Wildcard for key in mongodb query

I have a collection equivalent to:
[
{
"_id": ObjectId("5a934e000102030405000000"),
"sides": {
"0": {
"dist": 100
},
"1": {
"dist": 10
}
}
},
{
"_id": ObjectId("5a934e000102030405000001"),
"sides": {
"0": {
"dist": 100
}
}
}
]
I would like to perform a query that return any documents that has for any key nested in sides has the key dist with a specific value.

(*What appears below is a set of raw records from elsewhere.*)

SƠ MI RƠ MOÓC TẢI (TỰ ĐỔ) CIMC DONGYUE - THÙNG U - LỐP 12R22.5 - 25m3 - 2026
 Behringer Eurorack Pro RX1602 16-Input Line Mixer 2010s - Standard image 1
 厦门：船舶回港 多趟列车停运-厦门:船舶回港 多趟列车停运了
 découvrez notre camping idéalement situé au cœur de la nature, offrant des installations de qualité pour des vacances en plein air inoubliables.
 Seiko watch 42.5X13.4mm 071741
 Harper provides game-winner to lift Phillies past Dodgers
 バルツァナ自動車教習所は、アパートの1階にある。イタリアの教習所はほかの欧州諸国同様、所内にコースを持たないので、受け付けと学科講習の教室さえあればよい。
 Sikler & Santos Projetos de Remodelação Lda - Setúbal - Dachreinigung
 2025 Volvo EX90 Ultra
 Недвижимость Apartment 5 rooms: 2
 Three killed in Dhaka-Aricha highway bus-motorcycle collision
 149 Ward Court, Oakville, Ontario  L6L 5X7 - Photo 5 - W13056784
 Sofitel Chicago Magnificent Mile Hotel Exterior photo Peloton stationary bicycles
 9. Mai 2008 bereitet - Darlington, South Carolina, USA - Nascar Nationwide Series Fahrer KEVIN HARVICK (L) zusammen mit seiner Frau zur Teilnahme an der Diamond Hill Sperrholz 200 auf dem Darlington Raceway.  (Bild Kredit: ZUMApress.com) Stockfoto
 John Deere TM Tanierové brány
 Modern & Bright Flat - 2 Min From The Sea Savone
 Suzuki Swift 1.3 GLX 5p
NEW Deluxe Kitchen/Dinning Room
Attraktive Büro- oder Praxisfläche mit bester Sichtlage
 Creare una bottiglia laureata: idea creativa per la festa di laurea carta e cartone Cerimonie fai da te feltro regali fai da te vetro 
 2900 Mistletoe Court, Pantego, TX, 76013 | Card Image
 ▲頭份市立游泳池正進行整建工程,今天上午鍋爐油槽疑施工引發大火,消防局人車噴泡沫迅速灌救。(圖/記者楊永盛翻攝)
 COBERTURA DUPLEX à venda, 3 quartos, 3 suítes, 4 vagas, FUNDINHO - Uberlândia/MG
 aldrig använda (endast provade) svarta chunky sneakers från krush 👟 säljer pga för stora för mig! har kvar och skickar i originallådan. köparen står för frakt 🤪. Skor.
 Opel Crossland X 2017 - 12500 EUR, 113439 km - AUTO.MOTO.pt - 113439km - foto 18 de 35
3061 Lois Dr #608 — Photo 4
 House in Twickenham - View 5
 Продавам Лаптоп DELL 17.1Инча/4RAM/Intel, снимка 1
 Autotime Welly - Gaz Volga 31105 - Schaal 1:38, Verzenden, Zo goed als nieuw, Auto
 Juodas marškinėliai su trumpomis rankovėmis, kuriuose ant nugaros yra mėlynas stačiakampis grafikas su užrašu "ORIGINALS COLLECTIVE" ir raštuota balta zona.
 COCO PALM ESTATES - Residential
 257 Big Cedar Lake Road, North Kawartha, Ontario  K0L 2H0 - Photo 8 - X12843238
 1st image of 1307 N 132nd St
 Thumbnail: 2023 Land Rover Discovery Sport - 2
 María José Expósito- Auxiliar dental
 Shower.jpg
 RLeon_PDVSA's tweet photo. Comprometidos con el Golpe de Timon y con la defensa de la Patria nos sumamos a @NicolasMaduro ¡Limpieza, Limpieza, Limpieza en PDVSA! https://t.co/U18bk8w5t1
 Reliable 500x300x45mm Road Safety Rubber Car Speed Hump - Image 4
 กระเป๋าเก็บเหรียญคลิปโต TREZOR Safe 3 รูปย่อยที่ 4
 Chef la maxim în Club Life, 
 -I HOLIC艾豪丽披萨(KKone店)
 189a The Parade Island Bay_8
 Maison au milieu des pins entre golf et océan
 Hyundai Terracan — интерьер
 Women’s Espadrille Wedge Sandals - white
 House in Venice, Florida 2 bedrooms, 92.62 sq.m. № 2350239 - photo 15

Something like:
db.collection.find({"sides.*.dist": 10})
Here * acts as a wildcard, any key would be valid in its place.
That would retrieve:
[
{
"_id": ObjectId("5a934e000102030405000000"),
"sides": {
"0": {
"dist": 100
},
"1": {
"dist": 10
}
}
}
]
On the other hand
db.collection.find({"sides.*.dist": 100})
Would retrive both documents.
the following song and dance won't be neccessary if sides field was an array...
db.collection.find(
{
$expr: {
$gt: [{
$size: {
$filter: {
input: { $objectToArray: "$sides" },
as: "x",
cond: { $eq: ["$$x.v.dist", 10] }
}
}
}, 0]
}
})
You could get the matching elements using this
db.collection.aggregate([
{
"$project": {
"sides_array": {//Reshape the sides
"$objectToArray": "$sides"
}
}
},
{//Denormalize to get more than one matches
"$unwind": "$sides_array"
},
{
"$match": {//Condition goes here
"sides_array.v.dist": 10
}
},
{
"$group": {//Group the data back, after unwinding
"_id": "$_id",
"sides": {
"$push": "$sides_array"
}
}
},
{
"$project": {//Reshape the data
"_id": 1,
"sides": {
"$arrayToObject": "$sides"
}
}
}
])